I am trying to get CUDA.jl to work seamlessly with a MutableShiftedArray
.
By writing a CUDASupportExt.jl class:
module CUDASupportExt
using CUDA
using Adapt
using MutableShiftedArrays
indexing CUDA error
# lets do this for the MutableShiftedArray type
Adapt.adapt_structure(to, x::MutableShiftedArray) = MutableShiftedArray(adapt(to, parent(x)), shifts(x), size(x); default=MutableShiftedArrays.default(x));
function Base.Broadcast.BroadcastStyle(::Type{T}) where {CT, N, CD, T<:MutableShiftedArray{<:Any,<:Any,<:Any,<:CuArray{CT,N,CD}}}
CUDA.CuArrayStyle{N,CD}()
end
# Define the BroadcastStyle for SubArray of MutableShiftedArray with CuArray
function Base.Broadcast.BroadcastStyle(::Type{T}) where {CT, N, CD, T<:SubArray{<:Any, <:Any, <:MutableShiftedArray{<:Any,<:Any,<:Any,<:CuArray{CT,N,CD}}}}
CUDA.CuArrayStyle{N,CD}()
end
end
this works in general fine and for a MutableShiftedArray
ma
wrapping a CuArray
you can broadcast: q = ma .+ 1
or even use views: (@view ma[1:4]) .+1
, since the broadcasting mechanism somehow compiles the single element access version of getindex
correctly.
However, this does not seem to be the case for copy(ma)
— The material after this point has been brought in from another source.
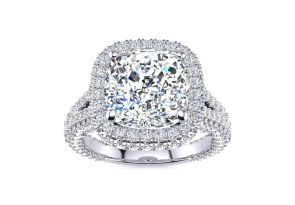 6 Carat Cushion Cut Halo Diamond Engagement Ring in 14K White Gold (6 g) (, I1-I2 Clarity Enhanced) by SuperJeweler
or subindexing like ma[1:4]
without the view
. One could start specifying copy
and the getindex()
function for Union{Int, AbstractRange}
to handle this, but this sound wrong.
Is there no other way, such that this is not necessary and the broadcasting system can take care of the individual element access as it does in the other broadcast cases?
In the end, single-element accesses are anyway generated, but one does get the warning that this is not handled by CUDA and therefore slow.